On this Hanoi day trip, the magic stalactites and stalagmites are cool, but the boat ride along the river is what’s most memorable.
We had almost a week to spend in Hanoi, and while we loved staying in the bustling Old Quarter, with its streets named for the vendors that lined the road (marble gravestones, toys, silk flowers, tin pans and the like), we saw the sights in a couple of days. So we went down to the lobby of our hotel to look at the binder containing day trips.
An overnight excursion on a Chinese junk boat in the otherworldly Ha Long Bay had already been booked. We were looking for an adventure we could go to and return the same day.

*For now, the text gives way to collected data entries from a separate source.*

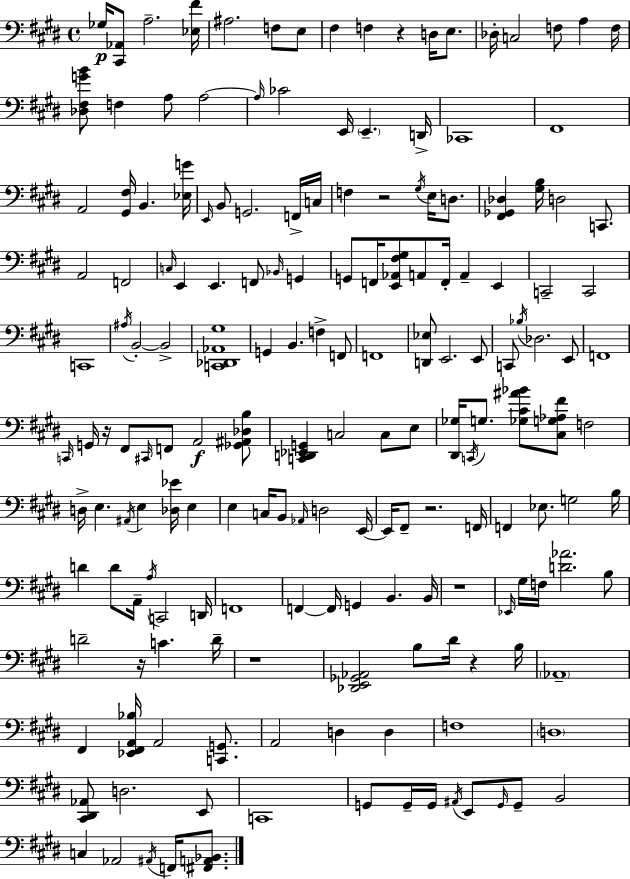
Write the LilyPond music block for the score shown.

{
  \clef bass
  \time 4/4
  \defaultTimeSignature
  \key e \major
  ges16\p <cis, aes,>8 a2.-- <ees fis'>16 | ais2. f8 e8 | fis4 f4 r4 d16 e8. | des16-. c2 f8 a4 f16 | \break <des fis g' b'>8 f4 a8 a2~~ | \grace { a16 } ces'2 e,16 \parenthesize e,4.-- | d,16-> ces,1 | fis,1 | \break a,2 <gis, fis>16 b,4. | <ees g'>16 \grace { e,16 } b,8 g,2. | f,16-> c16 f4 r2 \acciaccatura { gis16 } e16 | d8. <fis, ges, des>4 <gis b>16 d2 | \break c,8. a,2 f,2 | \grace { c16 } e,4 e,4. f,8 | \grace { bes,16 } g,4 g,8 f,16 <e, aes, fis gis>8 a,8 f,16-. a,4-- | e,4 c,2-- c,2 | \break c,1 | \acciaccatura { ais16 } b,2-.~~ b,2-> | <c, des, aes, gis>1 | g,4 b,4. | \break f4-> f,8 f,1 | <d, ees>8 e,2. | e,8 c,8 \acciaccatura { bes16 } des2. | e,8 f,1 | \break \grace { c,16 } g,16 r16 fis,8 \grace { cis,16 } f,8 a,2\f | <ges, ais, des b>8 <c, d, ees, g,>4 c2 | c8 e8 <dis, ges>16 \acciaccatura { c,16 } g8. <ges cis' ais' bes'>8 | <cis g aes fis'>8 f2 d16-> e4. | \break \acciaccatura { ais,16 } e4 <des ees'>16 e4 e4 c16 | b,8 \grace { aes,16 } d2 e,16~~ e,16 fis,8-- r2. | f,16 f,4 | ees8. g2 b16 d'4 | \break d'8 a,16-- \acciaccatura { a16 } c,2 d,16 f,1 | f,4~~ | f,16 g,4 b,4. b,16 r1 | \grace { ees,16 } gis16 f16 | \break <d' aes'>2. b8 d'2-- | r16 c'4. d'16-- r1 | <des, e, ges, aes,>2 | b8 dis'16 r4 b16 \parenthesize aes,1-- | \break fis,4 | <ees, fis, a, bes>16 a,2 <c, g,>8. a,2 | d4 d4 f1 | \parenthesize d1 | \break <cis, dis, aes,>8 | d2. e,8 c,1 | g,8 | g,16-- g,16 \acciaccatura { ais,16 } e,8 \grace { g,16 } g,8-- b,2 | \break c4 aes,2 \acciaccatura { ais,16 } f,16 <fis, a, bes,>8. | \bar "|."
}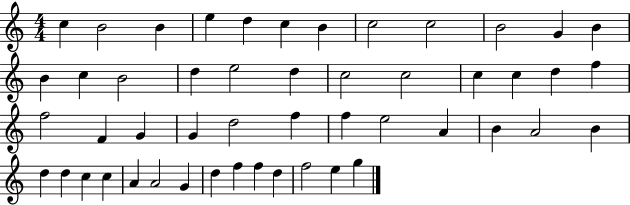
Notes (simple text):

C5/q B4/h B4/q E5/q D5/q C5/q B4/q C5/h C5/h B4/h G4/q B4/q B4/q C5/q B4/h D5/q E5/h D5/q C5/h C5/h C5/q C5/q D5/q F5/q F5/h F4/q G4/q G4/q D5/h F5/q F5/q E5/h A4/q B4/q A4/h B4/q D5/q D5/q C5/q C5/q A4/q A4/h G4/q D5/q F5/q F5/q D5/q F5/h E5/q G5/q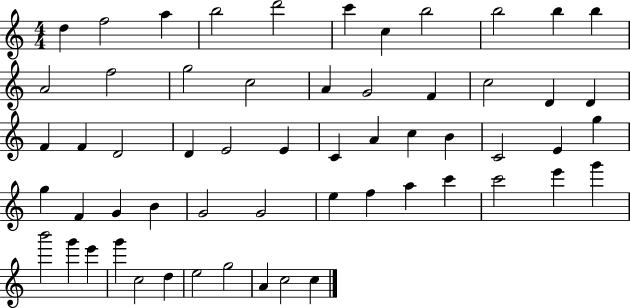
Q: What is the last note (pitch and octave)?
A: C5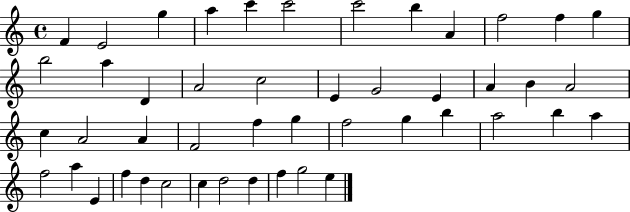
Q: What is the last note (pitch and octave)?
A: E5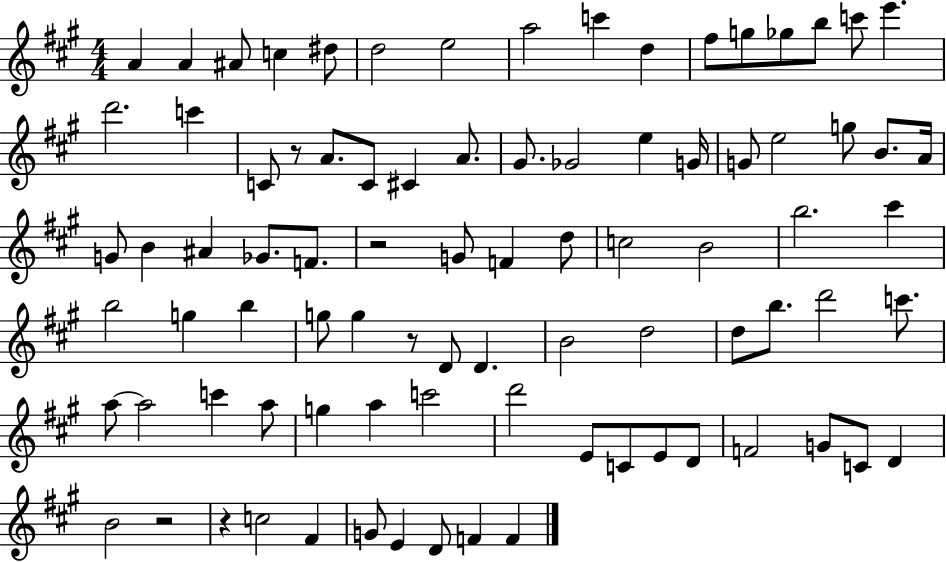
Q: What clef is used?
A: treble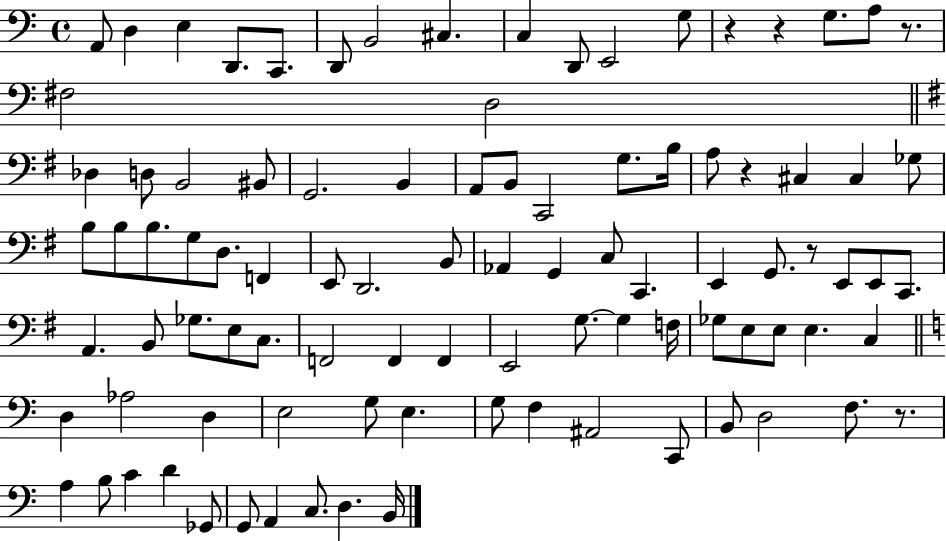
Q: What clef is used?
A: bass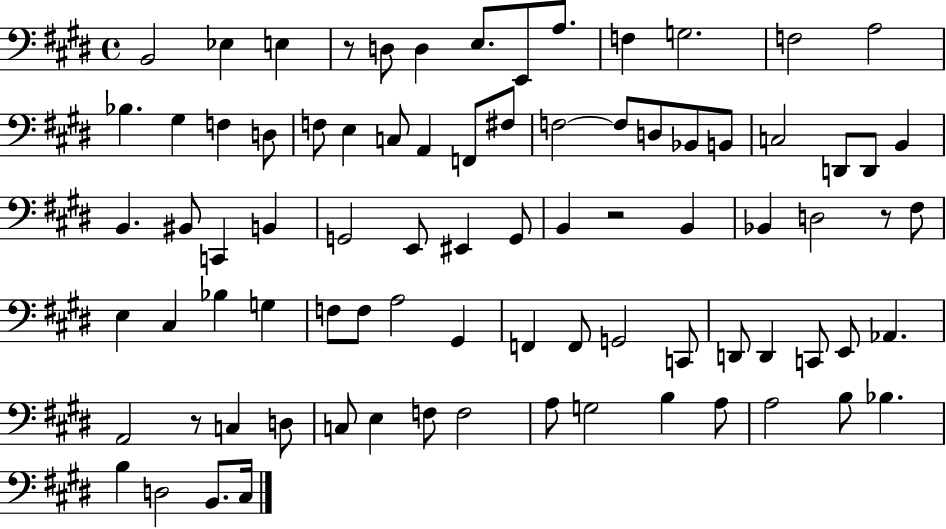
X:1
T:Untitled
M:4/4
L:1/4
K:E
B,,2 _E, E, z/2 D,/2 D, E,/2 E,,/2 A,/2 F, G,2 F,2 A,2 _B, ^G, F, D,/2 F,/2 E, C,/2 A,, F,,/2 ^F,/2 F,2 F,/2 D,/2 _B,,/2 B,,/2 C,2 D,,/2 D,,/2 B,, B,, ^B,,/2 C,, B,, G,,2 E,,/2 ^E,, G,,/2 B,, z2 B,, _B,, D,2 z/2 ^F,/2 E, ^C, _B, G, F,/2 F,/2 A,2 ^G,, F,, F,,/2 G,,2 C,,/2 D,,/2 D,, C,,/2 E,,/2 _A,, A,,2 z/2 C, D,/2 C,/2 E, F,/2 F,2 A,/2 G,2 B, A,/2 A,2 B,/2 _B, B, D,2 B,,/2 ^C,/4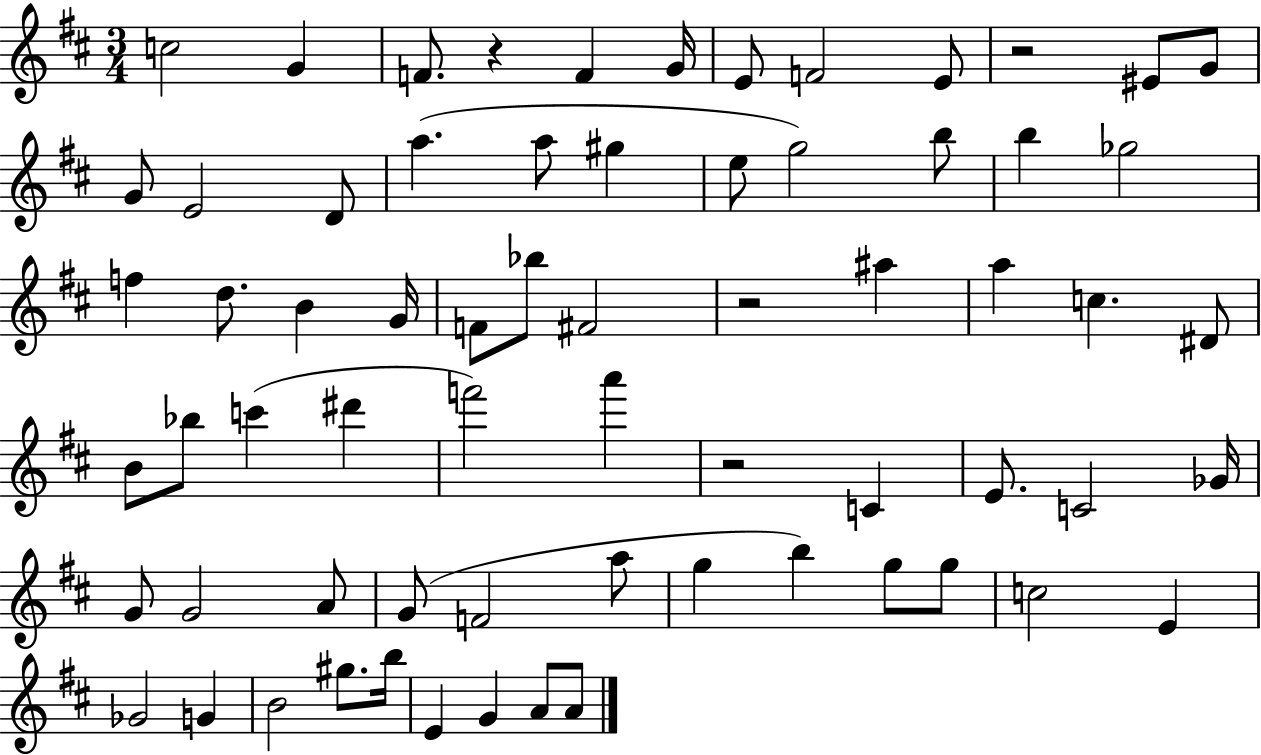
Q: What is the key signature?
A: D major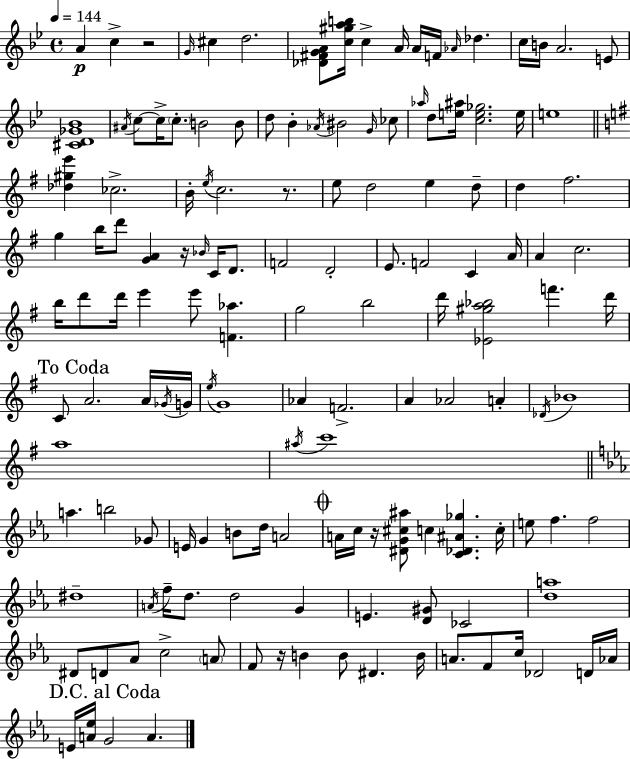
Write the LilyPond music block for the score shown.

{
  \clef treble
  \time 4/4
  \defaultTimeSignature
  \key bes \major
  \tempo 4 = 144
  a'4\p c''4-> r2 | \grace { g'16 } cis''4 d''2. | <des' fis' g' a'>8 <c'' gis'' a'' b''>16 c''4-> a'16 a'16 f'16 \grace { aes'16 } des''4. | c''16 b'16 a'2. | \break e'8 <cis' d' ges' bes'>1 | \acciaccatura { ais'16 } c''8~~ c''16-> \parenthesize c''8.-. b'2 | b'8 d''8 bes'4-. \acciaccatura { aes'16 } bis'2 | \grace { g'16 } ces''8 \grace { aes''16 } d''8 <e'' ais''>16 <c'' e'' ges''>2. | \break e''16 e''1 | \bar "||" \break \key e \minor <des'' gis'' e'''>4 ces''2.-> | b'16-. \acciaccatura { e''16 } c''2. r8. | e''8 d''2 e''4 d''8-- | d''4 fis''2. | \break g''4 b''16 d'''8 <g' a'>4 r16 \grace { bes'16 } c'16 d'8. | f'2 d'2-. | e'8. f'2 c'4 | a'16 a'4 c''2. | \break b''16 d'''8 d'''16 e'''4 e'''8 <f' aes''>4. | g''2 b''2 | d'''16 <ees' gis'' a'' bes''>2 f'''4. | d'''16 \mark "To Coda" c'8 a'2. | \break a'16 \acciaccatura { ges'16 } g'16 \acciaccatura { e''16 } g'1 | aes'4 f'2.-> | a'4 aes'2 | a'4-. \acciaccatura { des'16 } bes'1 | \break a''1 | \acciaccatura { ais''16 } c'''1 | \bar "||" \break \key c \minor a''4. b''2 ges'8 | e'16 g'4 b'8 d''16 a'2 | \mark \markup { \musicglyph "scripts.coda" } a'16 c''16 r16 <dis' g' cis'' ais''>8 c''4 <c' des' ais' ges''>4. c''16-. | e''8 f''4. f''2 | \break dis''1-- | \acciaccatura { a'16 } f''16-- d''8. d''2 g'4 | e'4. <d' gis'>8 ces'2 | <d'' a''>1 | \break dis'8 d'8 aes'8 c''2-> \parenthesize a'8 | f'8 r16 b'4 b'8 dis'4. | b'16 a'8. f'8 c''16 des'2 d'16 | aes'16 \mark "D.C. al Coda" e'16 <a' ees''>16 g'2 a'4. | \break \bar "|."
}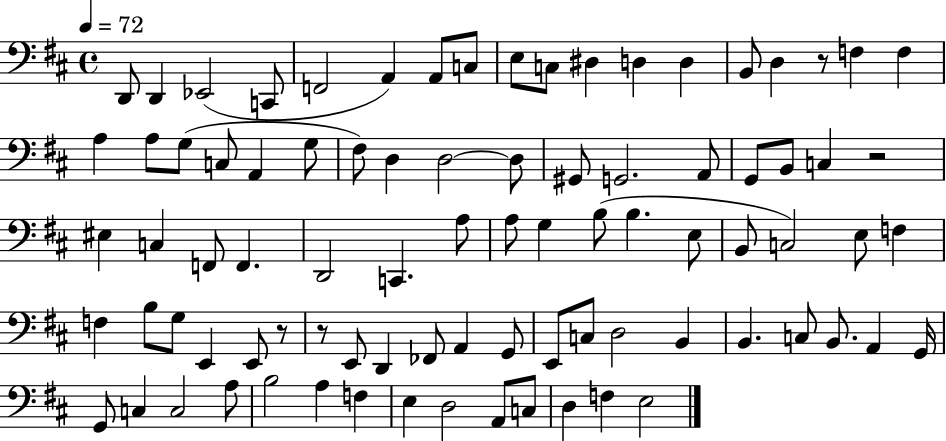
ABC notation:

X:1
T:Untitled
M:4/4
L:1/4
K:D
D,,/2 D,, _E,,2 C,,/2 F,,2 A,, A,,/2 C,/2 E,/2 C,/2 ^D, D, D, B,,/2 D, z/2 F, F, A, A,/2 G,/2 C,/2 A,, G,/2 ^F,/2 D, D,2 D,/2 ^G,,/2 G,,2 A,,/2 G,,/2 B,,/2 C, z2 ^E, C, F,,/2 F,, D,,2 C,, A,/2 A,/2 G, B,/2 B, E,/2 B,,/2 C,2 E,/2 F, F, B,/2 G,/2 E,, E,,/2 z/2 z/2 E,,/2 D,, _F,,/2 A,, G,,/2 E,,/2 C,/2 D,2 B,, B,, C,/2 B,,/2 A,, G,,/4 G,,/2 C, C,2 A,/2 B,2 A, F, E, D,2 A,,/2 C,/2 D, F, E,2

It didn’t take long to decide upon the Perfume Pagoda.
Located about 37 miles southwest of Hanoi are a collection of Buddhist shrines that are built into the caves at the foot of Huong Tich Mountain, which gets translated somewhat awkwardly as the Mountain of the Fragrant Traces. Perhaps that’s where the “perfume” in this pagoda comes from.
Getting to the Perfume Pagoda is all part of the fun. We hopped into a van that picked us up at our hotel, then drove a couple of hours to a town called My Duc.
“Duc means ‘good’ in Vietnamese,” our tour guide told us, pronouncing the word like “duke.”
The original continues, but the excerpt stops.